LA PROMESA DE LA FLOR: En un hermoso bosque de cedros había un árbol a cuyos pies vivía una linda flor. Sus gruesas raíces la mantenían a salvo y su follaje la protegía del sol de verano. Pero la flor estaba triste; era la única flor hasta donde se podía ver en aquel lugar. Un día, acertó a pasar por ahí una abejita, zumbando de alegría. Al ver a nuestra flor se asombró de su belleza y con mucho respeto, se acercó.

-Flor de gran hermosura, que haces aquí sola en la espesura? La flor, halagada, le contó a la atenta abejita de su tristeza. Conversaron por mucho tiempo, hasta que la abeja sintió que era hora de regresar a su panal. -Me esperan en casa. Debo marcharme. La flor se asustó mucho pues pensó que perdería para siempre a su nueva amiga. Pero grande fue su alegría cuando la abeja le dijo que volvería al día siguiente. -Aquí te esperaré. Y como agradecimiento por fijarte en mi te prometo que guardaré lo mejor de mi polen para cuando regreses. La abejita se despidió zumbando con renovada alegría. A partir de entonces volvía todos los días a conversar con la florecilla. Le contaba todo lo que pasaba al otro lado del bosque y mucho más allá, de las maravillas que existían pasando sus linderos y de los tantos campos de flores como ella, que se mecían al son del viento al atardecer.

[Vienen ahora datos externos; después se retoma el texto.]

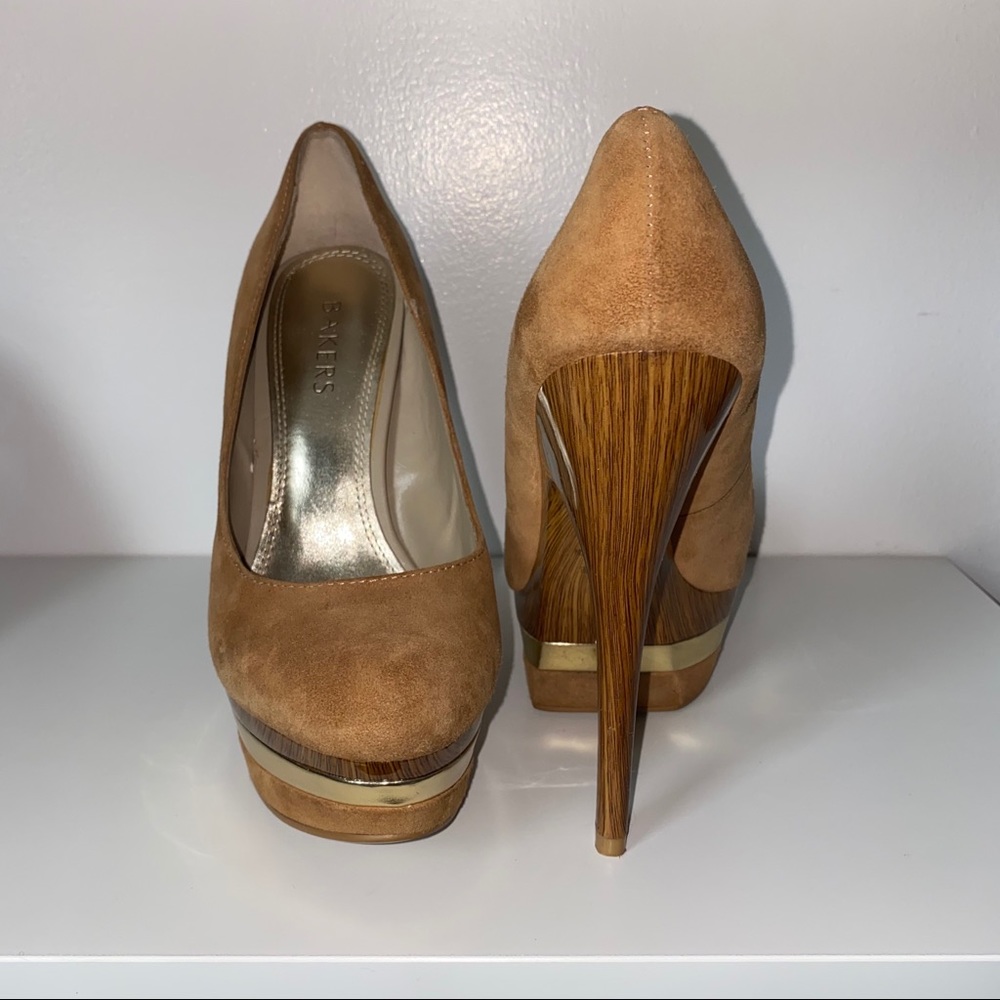 Bakers Woman’s Platform Pumps Nude Suede Size  7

Pero un día la abejita no regresó. -No tardará – se repetía la flor a sí misma. -Debe haberse perdido. Mientras tanto, en el árbol que daba sombra a la flor vivía un malvado abejorro, ansioso de llevarse el delicioso polen tan cuidadosamente reservado. Viendo que la abeja no regresaba, bajó con zumbido atronador de su hoyo y con gran altanería le dijo a nuestra flor: -Esa abeja no regresará nunca más, querida florcita. Dame ese polen a mi; alíviate de tu carga y olvídate de la abeja. -Ella volverá – le respondió la flor, indignada – y sólo a ella le entregaré el polen, tal como se lo prometí. El abejorro, ofuscado, se elevó a gran velocidad hasta su hoyo, en lo más alto del tronco. Pero la abeja tampoco regresó al día siguiente, ni al otro. Una gran tristeza embargaba a la flor, que sin embargo resistía a la insistencia del insolente abejorro que todos los días exigía su cargamento de dulce polen. Un día, un zumbido muy familiar sorprendió a la florecilla, haciendo vibrar sus pétalos de alegría. Era su amiga la abeja que por fin regresaba. -Uf!, uf! – bufaba la abeja, que a duras penas pudo posarse sobre un pétalo de su amiga – Amiga flor, lamento haber tardado tanto tiempo en volver. Seguramente no me habrás extrañado mucho… La flor estaba a punto de preguntarle qué le había sucedido, cuando distinguió que una de sus alitas estaba rasgada. Con una mirada de profunda admiración y gratitud le dijo: -¡Cómo no extrañarte, abejita! A pesar de todo volviste y por eso te viviré eternamente agradecida. Y mostrándole el delicioso polen que le había guardado, añadió: -Este polen lo reservé sólo para ti. Tómalo, descansa y alíviate aquí por esta noche. No puedes volar así, estando próximo a anochecer. Así lo hizo la abejita y al amanecer del día siguiente, totalmente curada, volvió a su panal. A partir de entonces nunca más volvió a faltar a una cita con su gran amiga. ¿Y el abejorro? Pues les contaremos que cogió sus maletas y huyó zumbando apenas se enteró de que un vistoso pájaro carpintero había decidido hospedarse en su árbol. Y así, zumbando zumbando, este cuento va terminando. FIN.